Sarah Cohn, a spokeswoman for CNN in New York, read a prepared statement that said: "We take active measures to avoid putting our staff in the position of reporting on companies in which they have a meaningful stake. Therefore, it would be highly unusual for any on-air disclosure to be necessary."

That position is supported by many experts on journalism ethics. "It's not to suggest that Maria is unethical, but it certainly leaves open concerns that a conflict of interest exists," said Robert M. Steele, the senior faculty and ethics group leader at the Poynter Institute in St. Petersburg, Fla., a nonprofit organization that studies the news media. "Disclosure doesn't resolve a conflict of interest; all it does is reveal that a conflict exists."

But not all business-news executives take such a firm stand.

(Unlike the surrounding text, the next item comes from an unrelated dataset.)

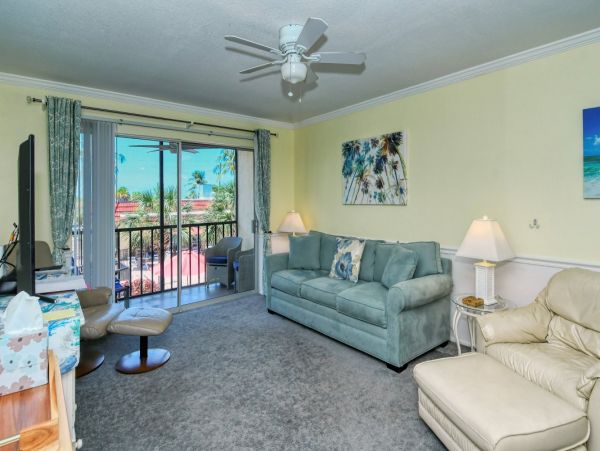 Siesta Key Two Bedroom Condo Sleeps 6 Short Walk To Beach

Some, like those at Fortune magazine and Fox News, as well as at CNBC, argue that disclosure usually solves the problem of an apparent conflict.

CNBC said that its policies require disclosure of stock ownership during on-air discussions about companies that involve more than passing mention. Among other things, the policies also prohibit reporters and anchors from holding stocks for short periods of time or from selling shares of companies soon after reporting on them.

Ms. Bartiromo's disclosure was not a first for a CNBC anchor, Ms. Zelvin said. But she declined to provide any details other than to say that Ted David, a co-anchor of the network's late morning program, had made at least one stock disclosure on the air. Mr. David did not respond to a request for comment.

In an e-mail message, Ms. Bartiromo, whose frequent reports from the floor of the New York Stock Exchange are closely watched by traders, said, "I don't own many stocks, but the few I do are always disclosed." Through Ms. Zelvin, she declined to say which stocks she owned or what disclosures she had made.

Mark Haines, David Faber and Joe Kernen, who appear daily in the morning on CNBC's "Squawk Box," did not reply to e-mail seeking comment. Ms. Zelvin said all three declined to comment.

Asked whether any of the three had disclosed stock holdings on screen, Ms. Zelvin replied: "If they had anything to disclose, they would disclose it."

David Friend, a senior vice president at CNBC, would not discuss how the network handles conflicts of interest or why its policies differ from those news organizations that impose a more restrictive standard.

Mr. Steele and Al Tompkins, who also teaches ethics courses at Poynter, said they favored the strict guidelines on stock holdings that The Wall Street Journal has for its reporters. In short, they said, reporters should not invest in companies that they cover or might have to write about.

A spokeswoman for Dow Jones & Company, The Journal's owner, supplied a copy of its code of ethics, which is posted on the company's Web site and observed by the newspaper.

Mr. Tompkins suggested that CNBC should have assigned a reporter who was not a shareholder to interview Mr. Weill. Some conflicts may be unavoidable, he said, like reporting on one's own company, but Ms. Bartiromo's conflict was not such a case.

The New York Times, like The Journal, BusinessWeek and Forbes, prohibits reporters from investing in companies they regularly cover and bars reporters from writing about companies whose shares they own.